No doubt you’ve heard the phrase: “I disapprove of what you say, but I will defend to the death your right to say it.” Although many assume it was Voltaire who said it, actually it was the Voltaire biographer Evelyn Beatrice Hall who wrote it. Her phrase comes to mind as we look back over the last few weeks in which comedy and satire have come under attack.
First we had the incident over the movie, The Interview. Sony originally pulled the release of the movie and then decided to screen it in limited release and make it available through video-on-demand.
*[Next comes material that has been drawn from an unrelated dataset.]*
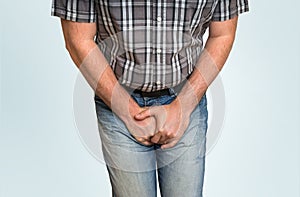 Man with hands holding his crotch, he wants to pee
The entertainment community and the public set out to defend showing the movie in an attempt to defend the right of freedom of expression.
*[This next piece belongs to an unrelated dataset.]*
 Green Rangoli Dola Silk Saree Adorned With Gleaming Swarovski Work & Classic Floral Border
While that was an important action, I don’t think I was the only person who wished we were defending a better movie than The Interview. Nobody will put it up against Casablanca or Gone With the Wind. I didn’t see the movie and don’t plan to see it. But I can read the comments from critics that confirm my suspicions that this was a terrible movie. One critic said it was a “spectacularly weird film to end up at the center of a free speech brouhaha.”
Then we have had the massacre in France. No artist, writer, or cartoonist should ever fear for his or her life. Freedom of expression should go hand-in-hand with freedom from retaliation. Whatever was written or drawn at Charlie Hebdo can never be justification for killing.
That being said, as Christians we find it hard to support people who satirize God, Jesus Christ, the Catholic Church, Christian leaders, Muhammad, etc. The snarky, juvenile humor of the magazine isn’t so easy for Christians to defend. We may defend their right to say what they want. But we don’t have to defend what they say.
We aren’t talking about Hamlet or Don Quixote or War and Peace. The content of this caustic satire isn’t something we can defend, though we certainly will defend their right to say it.